:: GOAL OF THE EXERCISE ::
Copy without pictures. Please restate each line of the listing exactly.

:: GIVEN DATA ::
******

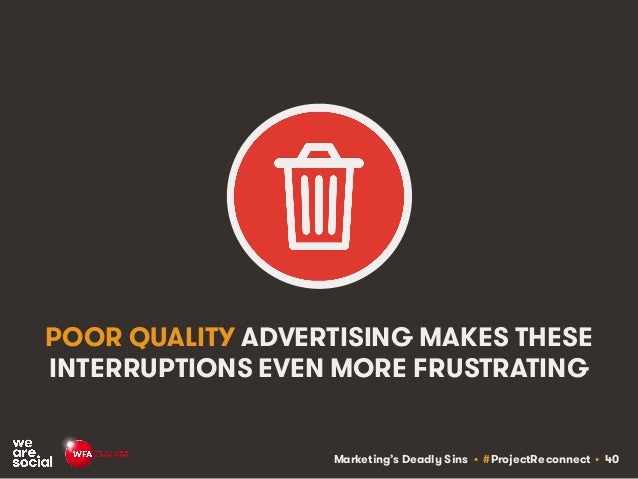 Marketing’s Deadly Sins • #ProjectReconnect • 40
POOR QUALITY ADVERTISING MAKES THESE
INTERRUPTIONS EVEN MORE FRUSTRATING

******

:: COMPLETED TASK ::
 Marketing’s Deadly Sins • #ProjectReconnect • 40
POOR QUALITY ADVERTISING MAKES THESE
INTERRUPTIONS EVEN MORE FRUSTRATING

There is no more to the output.